## What to do
Print the lines in the listing below that fall between the line with "Schwalbe Clik Valve" and the line with "Easy on Me (arr. Michael Brown) - Oboe", those two lines included, exactly as they stand and with nothing else.

## Data for processing
================
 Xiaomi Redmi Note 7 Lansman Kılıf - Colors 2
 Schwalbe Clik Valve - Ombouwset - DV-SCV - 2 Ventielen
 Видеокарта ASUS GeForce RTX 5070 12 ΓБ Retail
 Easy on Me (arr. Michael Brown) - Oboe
================
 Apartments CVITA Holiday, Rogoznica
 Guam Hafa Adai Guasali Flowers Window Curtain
================
## Solved exercise
 Schwalbe Clik Valve - Ombouwset - DV-SCV - 2 Ventielen
 Видеокарта ASUS GeForce RTX 5070 12 ΓБ Retail
 Easy on Me (arr. Michael Brown) - Oboe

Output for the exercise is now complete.